──────── AVAILABLE DATA

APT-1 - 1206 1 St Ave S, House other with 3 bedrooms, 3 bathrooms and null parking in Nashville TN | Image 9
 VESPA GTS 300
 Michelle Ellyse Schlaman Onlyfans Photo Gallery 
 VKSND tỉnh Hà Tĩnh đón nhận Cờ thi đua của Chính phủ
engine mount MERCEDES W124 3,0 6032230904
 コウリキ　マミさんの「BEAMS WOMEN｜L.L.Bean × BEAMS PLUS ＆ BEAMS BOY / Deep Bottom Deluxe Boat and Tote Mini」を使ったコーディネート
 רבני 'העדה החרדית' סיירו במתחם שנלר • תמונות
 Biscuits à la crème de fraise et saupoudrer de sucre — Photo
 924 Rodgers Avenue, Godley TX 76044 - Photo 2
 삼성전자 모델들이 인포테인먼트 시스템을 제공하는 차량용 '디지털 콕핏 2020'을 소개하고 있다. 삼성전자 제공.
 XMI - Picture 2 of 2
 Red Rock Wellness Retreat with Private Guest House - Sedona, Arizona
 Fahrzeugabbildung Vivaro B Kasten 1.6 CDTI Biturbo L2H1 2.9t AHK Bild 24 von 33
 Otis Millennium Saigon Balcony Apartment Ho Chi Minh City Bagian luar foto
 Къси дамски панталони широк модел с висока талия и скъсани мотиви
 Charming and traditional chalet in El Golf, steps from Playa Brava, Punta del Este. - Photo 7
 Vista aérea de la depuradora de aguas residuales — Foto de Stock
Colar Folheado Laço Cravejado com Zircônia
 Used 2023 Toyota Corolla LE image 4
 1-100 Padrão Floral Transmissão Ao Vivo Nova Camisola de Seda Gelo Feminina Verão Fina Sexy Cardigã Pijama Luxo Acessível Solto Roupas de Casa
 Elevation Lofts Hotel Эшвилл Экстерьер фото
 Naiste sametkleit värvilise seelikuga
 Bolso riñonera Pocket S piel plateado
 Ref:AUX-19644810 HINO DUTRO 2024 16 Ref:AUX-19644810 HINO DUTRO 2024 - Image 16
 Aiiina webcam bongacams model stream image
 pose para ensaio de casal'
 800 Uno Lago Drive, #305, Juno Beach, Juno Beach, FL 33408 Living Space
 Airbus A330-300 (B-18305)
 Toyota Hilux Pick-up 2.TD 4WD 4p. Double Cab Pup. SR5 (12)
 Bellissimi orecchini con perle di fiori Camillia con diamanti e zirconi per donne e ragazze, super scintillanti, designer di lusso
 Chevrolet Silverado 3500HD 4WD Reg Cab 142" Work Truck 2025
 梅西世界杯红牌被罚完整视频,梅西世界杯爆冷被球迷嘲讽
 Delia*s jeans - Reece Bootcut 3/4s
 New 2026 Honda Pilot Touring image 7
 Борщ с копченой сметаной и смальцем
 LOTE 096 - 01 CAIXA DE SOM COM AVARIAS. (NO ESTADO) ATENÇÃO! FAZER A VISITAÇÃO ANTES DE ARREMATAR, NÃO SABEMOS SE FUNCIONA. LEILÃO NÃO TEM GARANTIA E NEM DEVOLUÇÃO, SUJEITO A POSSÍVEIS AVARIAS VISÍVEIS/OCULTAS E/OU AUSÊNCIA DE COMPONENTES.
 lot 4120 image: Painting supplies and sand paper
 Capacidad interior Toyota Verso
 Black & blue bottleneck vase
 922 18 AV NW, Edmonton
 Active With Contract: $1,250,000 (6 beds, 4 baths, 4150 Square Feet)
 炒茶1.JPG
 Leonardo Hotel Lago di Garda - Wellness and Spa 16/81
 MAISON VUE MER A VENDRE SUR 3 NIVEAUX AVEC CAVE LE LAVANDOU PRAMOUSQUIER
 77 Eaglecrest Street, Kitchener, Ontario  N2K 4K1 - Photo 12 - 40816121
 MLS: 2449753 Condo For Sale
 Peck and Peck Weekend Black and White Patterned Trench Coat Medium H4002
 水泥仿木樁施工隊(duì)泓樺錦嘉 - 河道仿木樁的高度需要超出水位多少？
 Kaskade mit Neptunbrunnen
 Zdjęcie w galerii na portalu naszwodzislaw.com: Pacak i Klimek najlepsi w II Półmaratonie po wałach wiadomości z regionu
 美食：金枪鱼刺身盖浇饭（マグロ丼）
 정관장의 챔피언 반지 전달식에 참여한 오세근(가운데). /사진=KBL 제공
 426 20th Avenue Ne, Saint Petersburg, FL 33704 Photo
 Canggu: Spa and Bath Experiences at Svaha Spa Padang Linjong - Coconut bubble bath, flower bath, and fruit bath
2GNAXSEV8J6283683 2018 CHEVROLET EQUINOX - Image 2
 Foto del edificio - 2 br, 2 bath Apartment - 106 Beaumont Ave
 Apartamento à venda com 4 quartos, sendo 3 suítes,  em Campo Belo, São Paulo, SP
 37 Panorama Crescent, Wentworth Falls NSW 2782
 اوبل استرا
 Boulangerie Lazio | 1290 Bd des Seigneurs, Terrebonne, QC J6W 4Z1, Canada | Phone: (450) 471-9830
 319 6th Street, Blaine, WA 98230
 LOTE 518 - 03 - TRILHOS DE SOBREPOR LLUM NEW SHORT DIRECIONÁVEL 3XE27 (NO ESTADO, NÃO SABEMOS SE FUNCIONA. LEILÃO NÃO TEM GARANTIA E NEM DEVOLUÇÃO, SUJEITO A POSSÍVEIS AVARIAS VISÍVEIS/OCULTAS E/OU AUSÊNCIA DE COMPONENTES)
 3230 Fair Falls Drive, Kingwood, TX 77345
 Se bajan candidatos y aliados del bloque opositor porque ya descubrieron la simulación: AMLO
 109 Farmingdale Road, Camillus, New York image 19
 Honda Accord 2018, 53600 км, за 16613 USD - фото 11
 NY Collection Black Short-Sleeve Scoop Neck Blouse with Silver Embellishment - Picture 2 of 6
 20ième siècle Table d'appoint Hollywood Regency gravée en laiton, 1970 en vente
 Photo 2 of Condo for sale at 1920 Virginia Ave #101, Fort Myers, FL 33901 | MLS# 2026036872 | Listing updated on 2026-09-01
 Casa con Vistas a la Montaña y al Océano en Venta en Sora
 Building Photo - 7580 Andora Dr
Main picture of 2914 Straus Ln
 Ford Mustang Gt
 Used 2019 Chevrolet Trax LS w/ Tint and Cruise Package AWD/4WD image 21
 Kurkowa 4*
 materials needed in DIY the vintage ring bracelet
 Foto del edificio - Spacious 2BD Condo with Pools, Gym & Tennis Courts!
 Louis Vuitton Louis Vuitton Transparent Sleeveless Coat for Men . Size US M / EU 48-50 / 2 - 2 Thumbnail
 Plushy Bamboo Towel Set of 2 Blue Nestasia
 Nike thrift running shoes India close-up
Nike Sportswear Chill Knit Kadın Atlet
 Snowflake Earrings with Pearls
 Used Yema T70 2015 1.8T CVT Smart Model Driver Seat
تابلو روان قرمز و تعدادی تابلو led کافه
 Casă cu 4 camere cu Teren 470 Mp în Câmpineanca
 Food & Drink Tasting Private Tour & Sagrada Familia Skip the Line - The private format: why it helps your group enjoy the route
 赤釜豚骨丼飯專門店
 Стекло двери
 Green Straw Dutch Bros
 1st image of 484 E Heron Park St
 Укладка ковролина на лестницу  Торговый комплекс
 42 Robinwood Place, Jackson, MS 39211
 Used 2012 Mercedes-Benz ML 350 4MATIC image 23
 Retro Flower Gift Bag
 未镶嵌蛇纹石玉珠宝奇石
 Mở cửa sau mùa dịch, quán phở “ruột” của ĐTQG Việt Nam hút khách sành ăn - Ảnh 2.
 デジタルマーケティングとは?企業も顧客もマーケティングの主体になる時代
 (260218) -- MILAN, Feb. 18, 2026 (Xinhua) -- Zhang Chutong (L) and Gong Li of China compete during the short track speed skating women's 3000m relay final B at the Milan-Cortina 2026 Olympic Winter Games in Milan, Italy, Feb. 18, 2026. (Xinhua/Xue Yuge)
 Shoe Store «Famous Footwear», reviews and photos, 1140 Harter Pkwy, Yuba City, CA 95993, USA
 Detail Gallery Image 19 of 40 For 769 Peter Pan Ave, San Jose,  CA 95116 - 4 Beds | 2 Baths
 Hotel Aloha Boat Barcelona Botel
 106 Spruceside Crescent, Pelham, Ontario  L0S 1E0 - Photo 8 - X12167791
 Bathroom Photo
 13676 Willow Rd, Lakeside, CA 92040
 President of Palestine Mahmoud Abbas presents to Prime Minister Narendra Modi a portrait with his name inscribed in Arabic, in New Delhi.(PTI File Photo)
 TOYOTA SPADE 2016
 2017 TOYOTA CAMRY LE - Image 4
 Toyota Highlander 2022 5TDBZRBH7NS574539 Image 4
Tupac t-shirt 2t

────────────────

Please print verbatim each line from the first line of the entries above to the line that contains "Fahrzeugabbildung Vivaro B", inclusive, and nothing more.

APT-1 - 1206 1 St Ave S, House other with 3 bedrooms, 3 bathrooms and null parking in Nashville TN | Image 9
 VESPA GTS 300
 Michelle Ellyse Schlaman Onlyfans Photo Gallery 
 VKSND tỉnh Hà Tĩnh đón nhận Cờ thi đua của Chính phủ
engine mount MERCEDES W124 3,0 6032230904
 コウリキ　マミさんの「BEAMS WOMEN｜L.L.Bean × BEAMS PLUS ＆ BEAMS BOY / Deep Bottom Deluxe Boat and Tote Mini」を使ったコーディネート
 רבני 'העדה החרדית' סיירו במתחם שנלר • תמונות
 Biscuits à la crème de fraise et saupoudrer de sucre — Photo
 924 Rodgers Avenue, Godley TX 76044 - Photo 2
 삼성전자 모델들이 인포테인먼트 시스템을 제공하는 차량용 '디지털 콕핏 2020'을 소개하고 있다. 삼성전자 제공.
 XMI - Picture 2 of 2
 Red Rock Wellness Retreat with Private Guest House - Sedona, Arizona
 Fahrzeugabbildung Vivaro B Kasten 1.6 CDTI Biturbo L2H1 2.9t AHK Bild 24 von 33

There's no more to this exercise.